▸ **Description of the task**: Return the whole listing unchanged. Drop the images.

[Extracted information Boundary: Start]

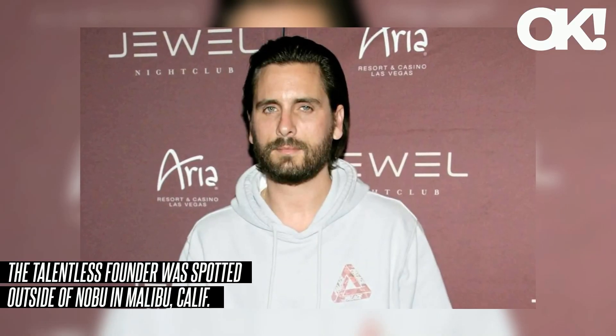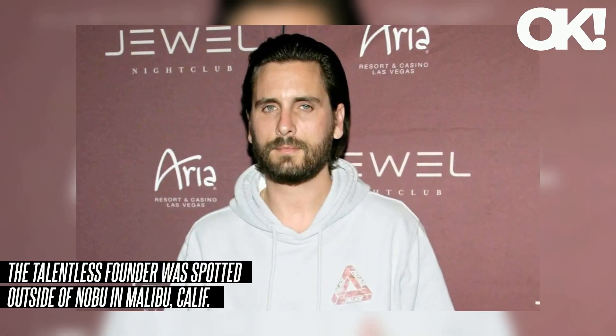Has Scott Disick found himself a surrogate Kourtney? The Talentless founder was spotted outside of Nobu in Malibu, California with his kids Mason, 13, Penelope, 11, and Reign, 8, and a Kourtney Kardashian look-alike on Wednesday, December 6th.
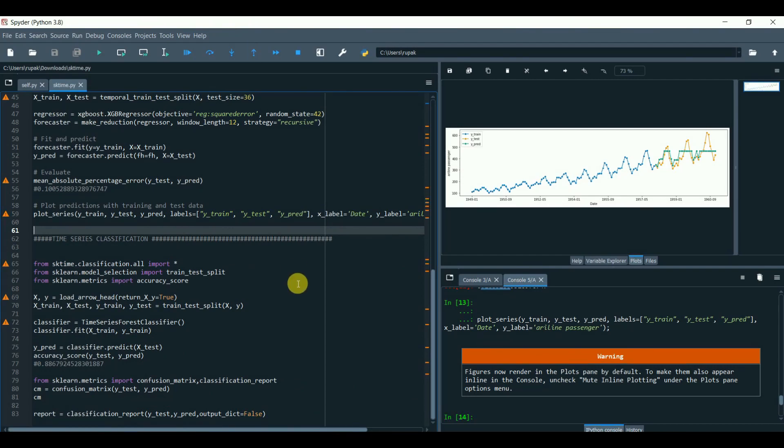Hi, this video is in continuation of a previous video using sklearn algorithms for time series. Here, we're going to perform time series classification.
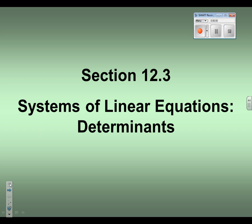Let's get started with 12.3. We're going to do determinants to solve systems of linear equations. In the past we've learned how to solve systems using elimination, substitution, and graphing, and so this is going to be the fourth way: using determinants.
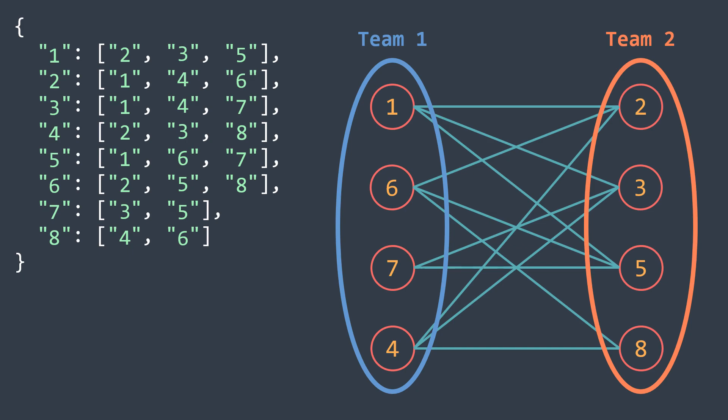But how to do so? The idea is that we perform a breadth first traversal of the graph while putting neighbors in the opposite team of the actual vertex.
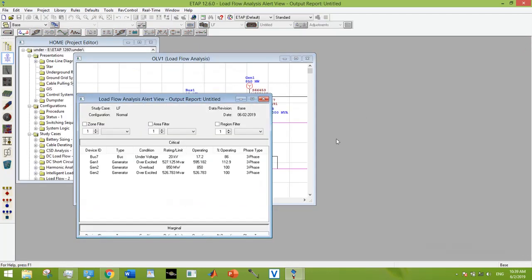And see, the underexcited and underpowered issue for generator 2 has been removed.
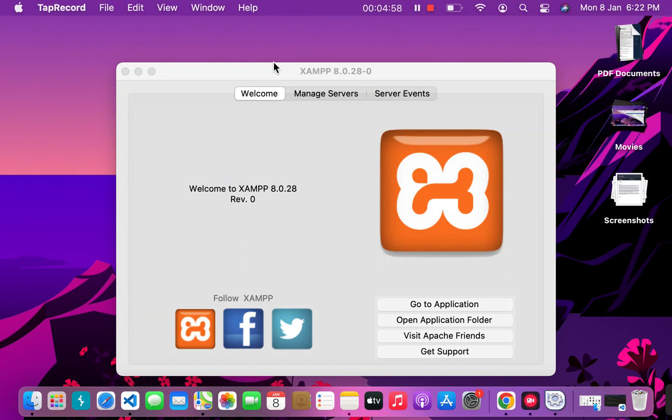Hello everyone and welcome back to my channel. In today's video, we will learn how to use the XAMPP server in your Mac OS—that is, how you can run a website on your XAMPP server.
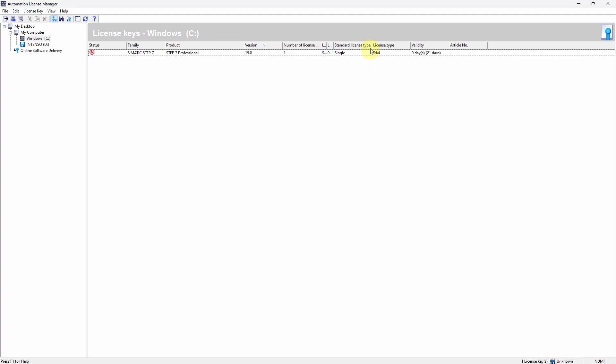My trial license of TIA v19 has already expired. There are 0 out of 21 days left.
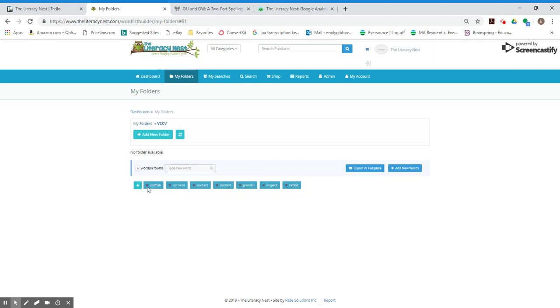You have the option of removing them or adding more. In my next video, I'm going to show you how to put them into a template. Thanks everybody.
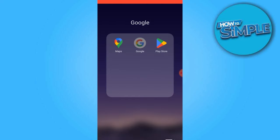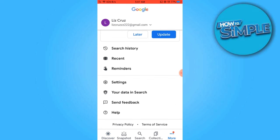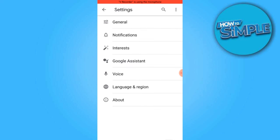Let's begin by opening Google. Once it's open, locate the profile icon situated in the top right corner and tap on it. From there, select Settings. You will be presented with various options, but we need to specifically tap on Google Assistant.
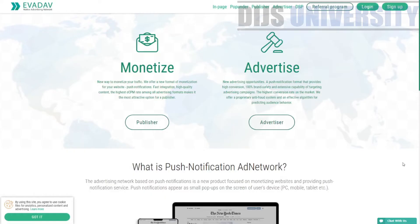Welcome to today's video everybody. We are going to talk about AvaDev. We talked about AvaDev before in the introduction of AvaDev Push Traffic Network, but today it's going to be a lot different because we are going to talk about AvaDev as a native advertising network. We are going to introduce AvaDev as a native advertising platform, talk about how to do campaigns within AvaDev, and the advantages of using it.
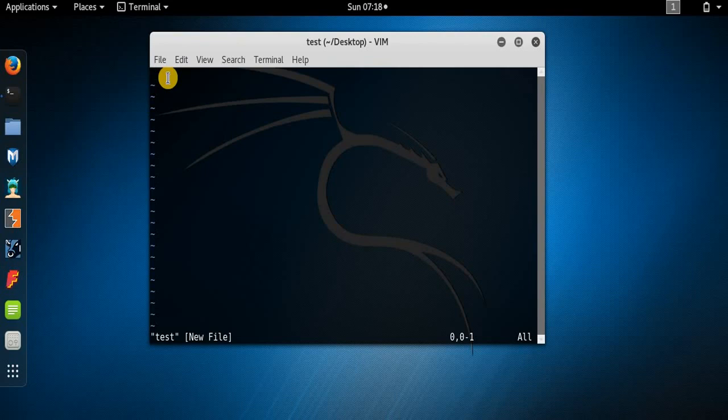The VI editor has two modes: one is the insert mode and the other is the command mode. In insert mode you can add text to the script or text file you are creating or editing. In command mode you can execute the requisite commands.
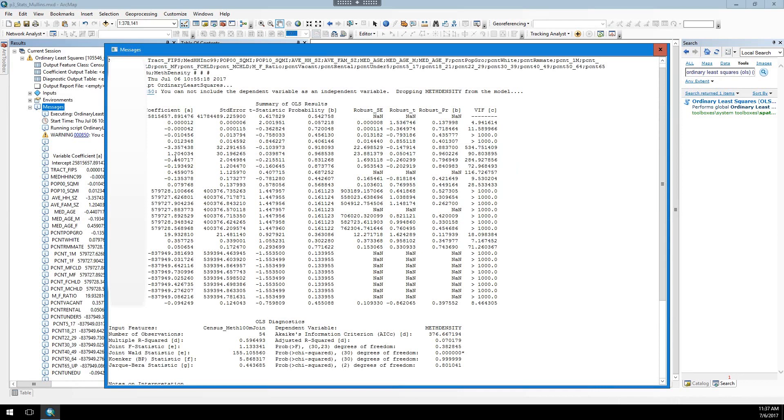The next one is coefficient. Remember, this is that beta value in the y equals alpha plus beta x plus error. This is a variable that is going to be describing the slope of this line. We're looking at the sign to tell us what sort of relationship it is, but also, more importantly, the number. The higher the number, if this number is closer to 0, the less there is likely a relationship between the independent variable and the dependent variable.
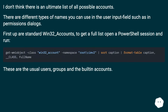I don't think there is an ultimate list of all possible accounts. There are different types of names you can use in the user input field, such as in permissions dialogues. First up are standard Win32_accounts — to get a full list, open a PowerShell session and run the appropriate query. These are the usual users, groups, and built-in accounts.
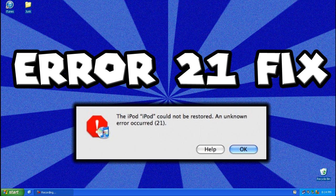Hey guys, this is Mike with MMR Bros and today I'll be showing you how to fix the Error 21 you get when you try to restore your iPod, iPhone or iPad.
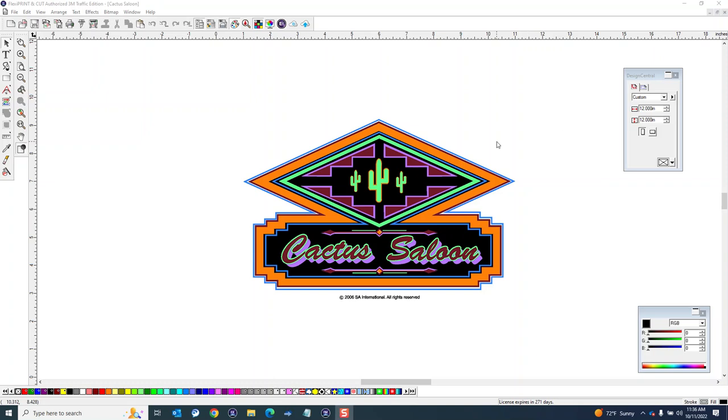Hey, this is Josh again with Grimco. I'm going to do another video here. I just did one for how to set up a kiss cut and perf cut through Adobe Illustrator for Cutting Master 4.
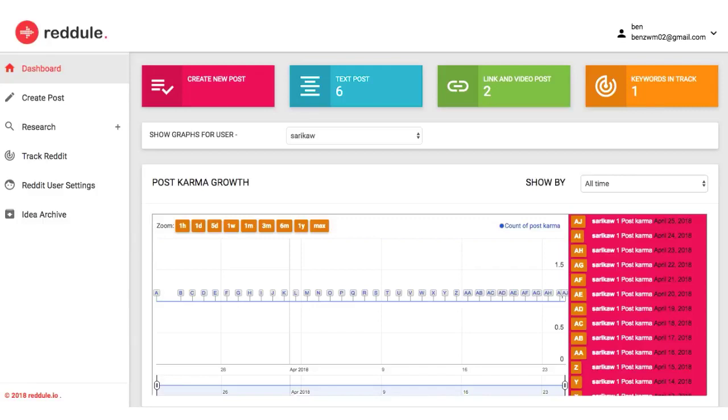Hey, in this video, we're going to be going over how easy it is to use Regil, the first ever all-in-one Reddit marketing tool. This tool is fully cloud-based and was built to help you drive perpetual traffic and leads from Reddit without coming across as some sort of desperate marketer.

[Extracted information Boundary: End]

▸ **Reply**:
Has Scott Disick found himself a surrogate Kourtney? The Talentless founder was spotted outside of Nobu in Malibu, California with his kids Mason, 13, Penelope, 11, and Reign, 8, and a Kourtney Kardashian look-alike on Wednesday, December 6th.
Hi, this video is in continuation of a previous video using sklearn algorithms for time series. Here, we're going to perform time series classification.
Let's get started with 12.3. We're going to do determinants to solve systems of linear equations. In the past we've learned how to solve systems using elimination, substitution, and graphing, and so this is going to be the fourth way: using determinants.
But how to do so? The idea is that we perform a breadth first traversal of the graph while putting neighbors in the opposite team of the actual vertex.
And see, the underexcited and underpowered issue for generator 2 has been removed.
Hello everyone and welcome back to my channel. In today's video, we will learn how to use the XAMPP server in your Mac OS—that is, how you can run a website on your XAMPP server.
My trial license of TIA v19 has already expired. There are 0 out of 21 days left.
You have the option of removing them or adding more. In my next video, I'm going to show you how to put them into a template. Thanks everybody.
Let's begin by opening Google. Once it's open, locate the profile icon situated in the top right corner and tap on it. From there, select Settings. You will be presented with various options, but we need to specifically tap on Google Assistant.
Welcome to today's video everybody. We are going to talk about AvaDev. We talked about AvaDev before in the introduction of AvaDev Push Traffic Network, but today it's going to be a lot different because we are going to talk about AvaDev as a native advertising network. We are going to introduce AvaDev as a native advertising platform, talk about how to do campaigns within AvaDev, and the advantages of using it.
The VI editor has two modes: one is the insert mode and the other is the command mode. In insert mode you can add text to the script or text file you are creating or editing. In command mode you can execute the requisite commands.
The next one is coefficient. Remember, this is that beta value in the y equals alpha plus beta x plus error. This is a variable that is going to be describing the slope of this line. We're looking at the sign to tell us what sort of relationship it is, but also, more importantly, the number. The higher the number, if this number is closer to 0, the less there is likely a relationship between the independent variable and the dependent variable.
I don't think there is an ultimate list of all possible accounts. There are different types of names you can use in the user input field, such as in permissions dialogues. First up are standard Win32_accounts — to get a full list, open a PowerShell session and run the appropriate query. These are the usual users, groups, and built-in accounts.
Hey guys, this is Mike with MMR Bros and today I'll be showing you how to fix the Error 21 you get when you try to restore your iPod, iPhone or iPad.
Hey, this is Josh again with Grimco. I'm going to do another video here. I just did one for how to set up a kiss cut and perf cut through Adobe Illustrator for Cutting Master 4.
Hey, in this video, we're going to be going over how easy it is to use Regil, the first ever all-in-one Reddit marketing tool. This tool is fully cloud-based and was built to help you drive perpetual traffic and leads from Reddit without coming across as some sort of desperate marketer.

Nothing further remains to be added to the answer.